Роль России
Роль России в грузино-абхазском конфликте и процессе его урегулирования многопланова. Каким бы неоднозначным ни было восприятие ее поведения во время войны, с помощью России было достигнуто прекращение огня, которое продолжается с 1994 г. Благодаря развертыванию миротворческих сил СНГ и своим посредническим усилиям, Россия, будучи крупной региональной державой, остается глубоко вовлеченной в поиск путей урегулирования. Но не обернулись ли российские усилия по стабилизации конфликта его замораживанием, и не подорван ли ее авторитет, не уменьшен ли ее миротворческий потенциал проведением силовой политики и политическим маневрированием?
Стратегические интересы
Кавказ являлся стратегическим пограничьем Российской империи и Советского Союза в период их расширения. Попытки Российской Федерации обезопасить свои внешние границы после краха Советского Союза подчеркивают тот факт, что так обстоит дело и до сих пор. Взаимосвязь этнических групп, таких как, например, абхазы и адыги, сделала Северный Кавказ и Закавказье зоной, в которой нестабильность перетекает через границы.
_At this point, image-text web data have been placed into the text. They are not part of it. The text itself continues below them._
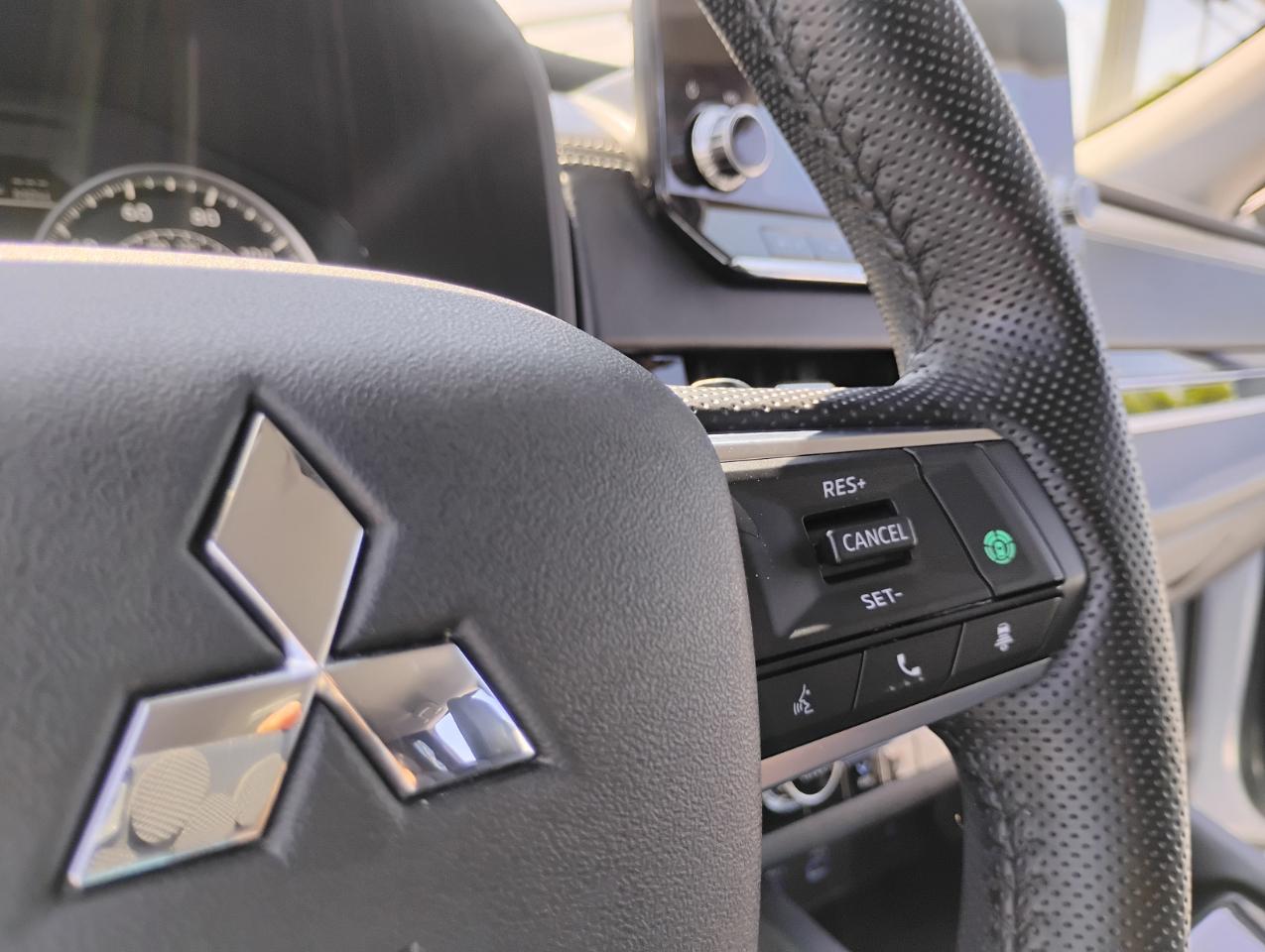 Mitsubishi Outlander SEL 2WD 2022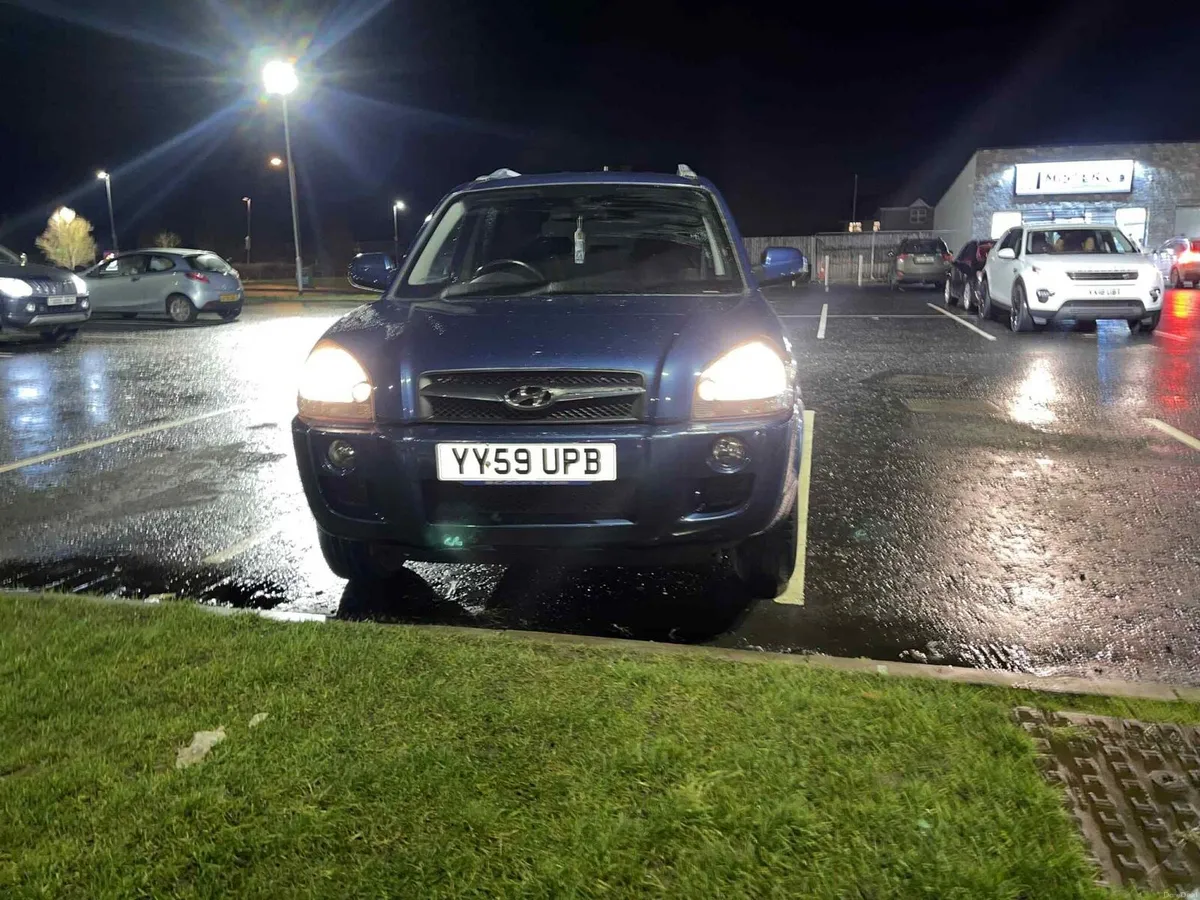 Hyundai Tucson AWD 2010 - Image 2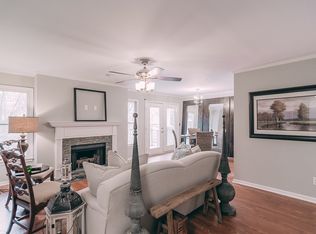 222 Hillsboro Pl, Nashville, TN 37215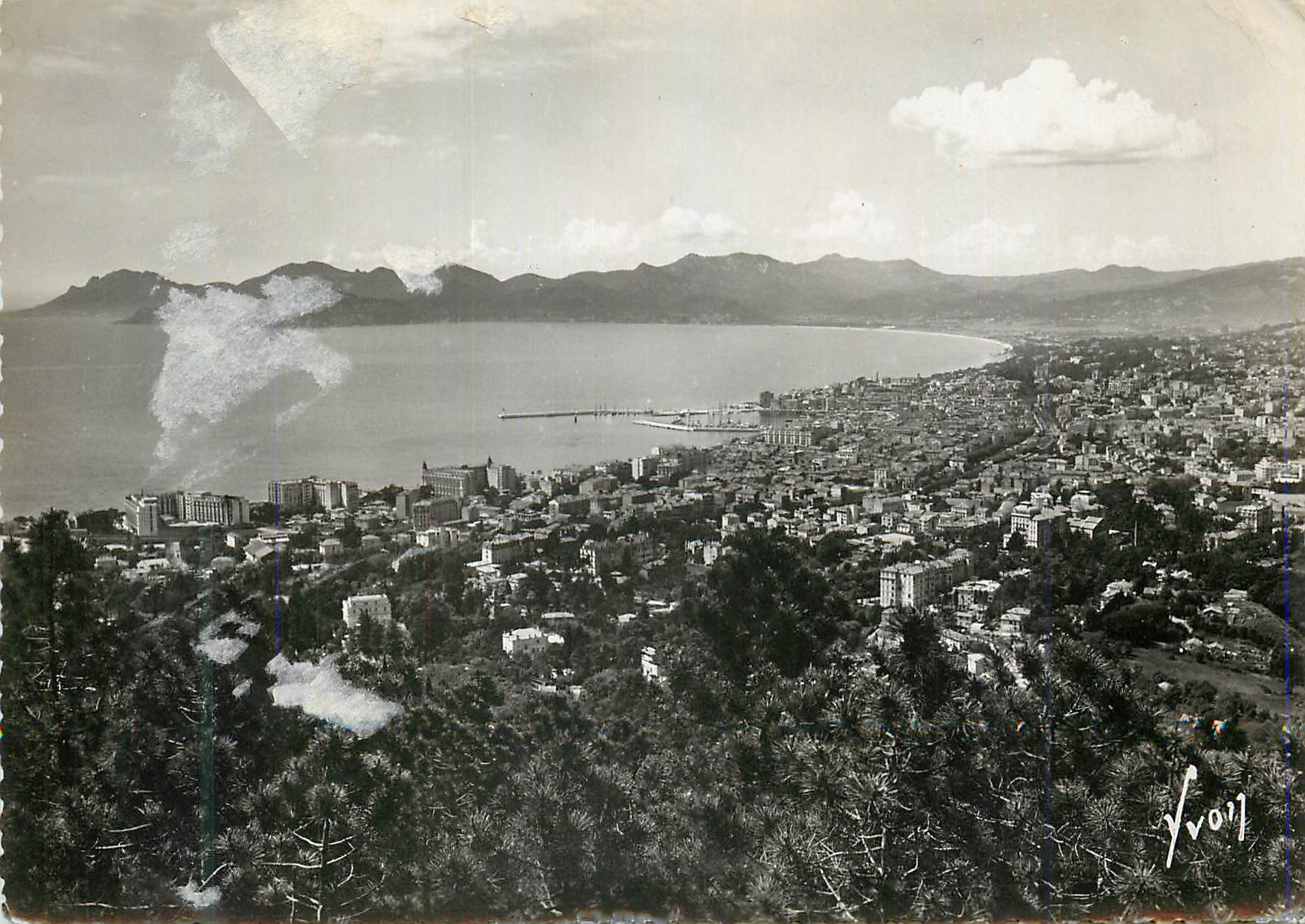 CPM Cannes Alpes Maritimes Vue generale sur la ville le golfe de La Napoule et l Esterel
В этой связи у России есть озабоченности стратегического характера, относящиеся к ее военным базам в Грузии, шоссейным и железнодорожным путям сообщения с Закавказьем, идущим через Абхазию, портам на Черном море, туристической индустрии и русскому меньшинству в Абхазии. Озабоченности в экономической сфере, в особенности связанные с нефтепроводными маршрутами, становятся все более значимым аспектом отношений России с Кавказом и неотъемлемой частью более широких политических интересов.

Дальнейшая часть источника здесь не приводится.